Lea Cohausz, Chair of Artificial Intelligence: Causal Modelling (January 2023)

Lea Cohausz is a doctoral student specializing in artificial intelligence at the University of Mannheim. Previously, she studied Sociology in her Bachelor's degree and the Mannheim Master in Data Science here. Her research interests include data mining in education, human behavior, and goal recognition and plan recognition.

What is your current research topic?

Currently, I am mainly working on the connection between causal and black-box models. Black-box models are, for example, neural networks, which are immensely popular in the Data Science community right now. They are very good at identifying relationships in data and making accurate predictions without expert knowledge. Unfortunately, they are not very good at also telling us why they made a prediction. Causal models, on the other hand, allow us to understand exactly what factors are acting on a variable and how strong the effect of the relationships is. The only drawback here is: constructing causal models usually requires a lot of expert knowledge, and in the end, when used for predictions, such models are unfortunately not as accurate as black-box models. Causal models, or the related Bayes Nets or Directed Acyclic Graphs, are certainly also a topic in computer science or the Data Science community within computer science; currently, however, they are rather a marginal phenomenon. However, because I believe they bring advantages that black-box models simply don't have, even with post-hoc Explainable Artificial Intelligence techniques, I'm looking for ways to combine the advantages of the two approaches. Incidentally, a good “side” effect of this is that it makes you quite clear whether you are using problematic variables (e.g., ethnicity) for predictions – fairness is also one of my areas of interest.

For those who have not yet delved deeply into the topic of Data Science: How would you explain to a child what you are working on?
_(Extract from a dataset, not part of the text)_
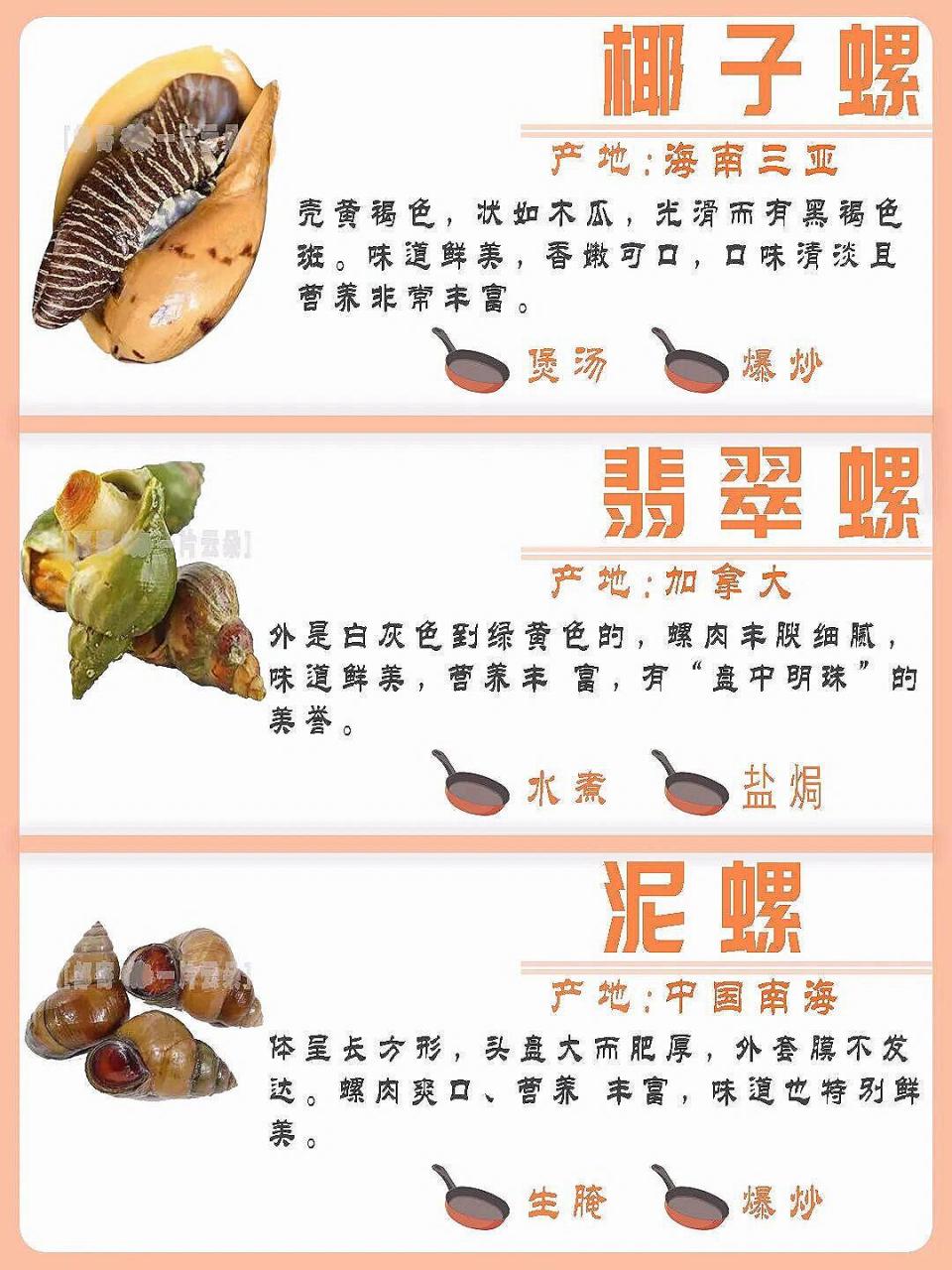 常见螺类百科|特点|区别|食用方法|产地 来 常见螺类百科|特点|区别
I'm looking for methods to better predict events, but also to better understand them. Let's say you're taking a test at school in a few weeks. I already want to find out how well you will do. But I don't just want to know how you'll do, because that wouldn't do any good. I'm also trying to figure out why you're likely to perform that way. Let's say my computer predicts that you'll probably only get a mediocre score. It then next determines that you haven't quite understood a topic yet, and that a certain additional exercise might help you understand the topic better. I would then recommend that you do that exercise. Hopefully that will help you. In fact, I actually work a lot with data from education – that's a really important topic, after all.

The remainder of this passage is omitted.